Although many states in Australia have proceeded to relax restrictions, this can cause increased anxiety for many organisations and their employees. By now, employees should be well versed in implementing measures to keep workers safe and stop the spread of COVID-19. However, it is vital to have reasonable HR policies and procedures in place in the (unlikely) event of an outbreak within the workspace. 

Do you have a plan?

At work, employees regularly come into close contact with co-workers, customers, clients and contractors. As an employer, you are not expected, and should not try to diagnose those people. However, it is your responsibility to contain the risks to health and safety in the course of your business operations and in accordance with health advice provided by the Australian government. If there is a suspect or confirmed case within the workplace, appropriate measures must be applied immediately.

This blog will be divided into two parts; how to manage a suspect case, and how to respond if there is a confirmed case or significant outbreak. 

A suspect case:

A suspect case is not someone who is sniffling and sneezing in the office. At the same time, a person who has symptoms such as a fever or cough will not necessarily be infected with COVID-19. However, HRD notes that these symptoms are a cause for HR to pay attention and the following steps are suggested: 

  1. Care, compassion and understanding should be demonstrated when approaching the employee in question.
  2. The employee should be asked to work from home and advised to visit the doctor (not the hospital).
  3. If the doctor has a reason to suspect a COVID-19 infection, the person will be referred for further tests and deemed a suspect case. 

If there is a suspect case confirmed by a doctor, employers should immediately identify all persons who have come into close physical contact with the individual.
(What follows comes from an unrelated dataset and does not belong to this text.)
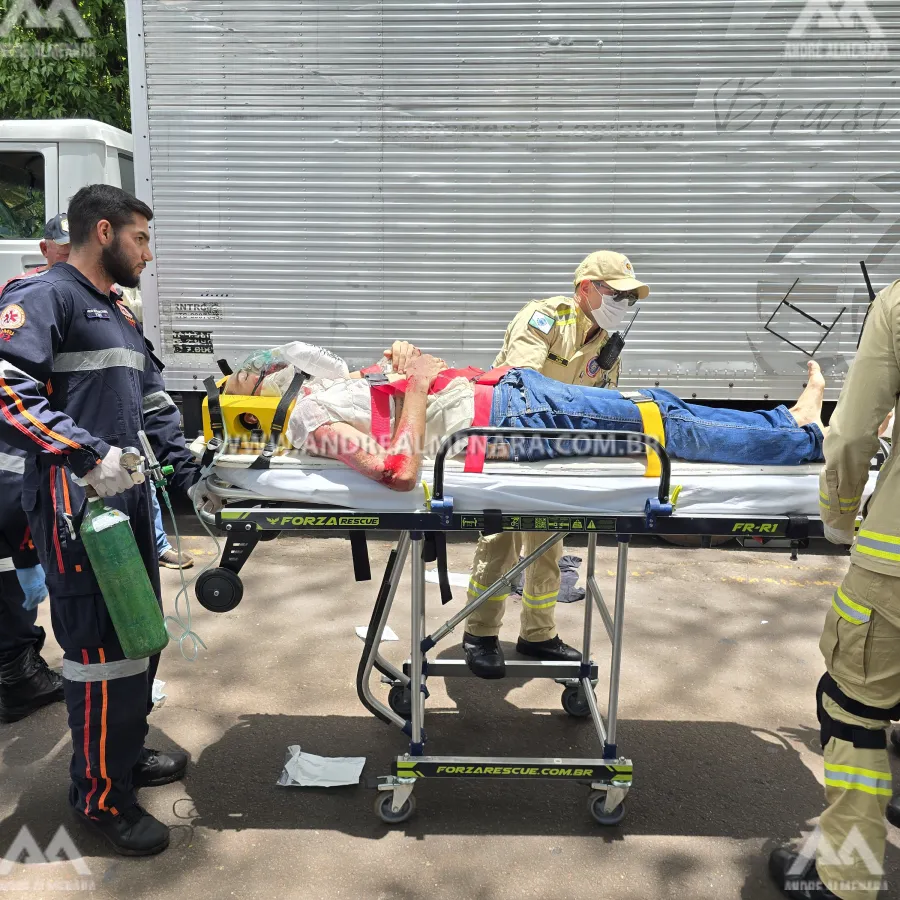 Motociclista escapa da morte após cair debaixo dos rodados de caminhão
Close physical contact is someone who has been face to face with someone for 15 minutes or within the same closed space for two hours.

Employers should then advise all affected employees to:

  • Monitor their health, including temperature checks twice daily
  • Adopt good personal hygiene
  • See a doctor immediately if they are unwell
  • Inform supervisors and/or HR immediately, and stay at home on sick leave even if the symptoms are mild
  • Advise employees to stay home when possible and avoid large crowds

When updated on the outcome of a suspect case, HR are encouraged to notify employees of any updates. 

A confirmed case:

If there is a confirmed case of COVID-19, the advisable response can vary from state to state. Generally, there is not an automatic work and health safety requirement to shut down an entire workplace. It is advised that you refer to this guideline by Safe Work Australia and contact the appropriate helpline for advice from health and safety professionals. 

In the meantime, it is advised to do the following regardless if a case is suspect or confirmed:

  • Provide timely information to employees on latest developments
  • Reassure employees and relevant persons, e.g. customers, of the measures being taken to ensure their well-being at the workplace
  • Show care and concern to persons who are either confirmed or suspected of infection
  • Coordinate with suppliers or contractors to manage their own employees, if applicable

It is unlikely but not impossible that one or more of your workforce will contact COVID-19. HRD notes: “At all levels you will also need to do your best to manage the ‘people factor’. In its simplest form this will involve an empathetic approach to the management of people adversely affected by the crisis, whether medically, socially or economically.” For example, offering mental health support when people are experiencing anxiety or negativity.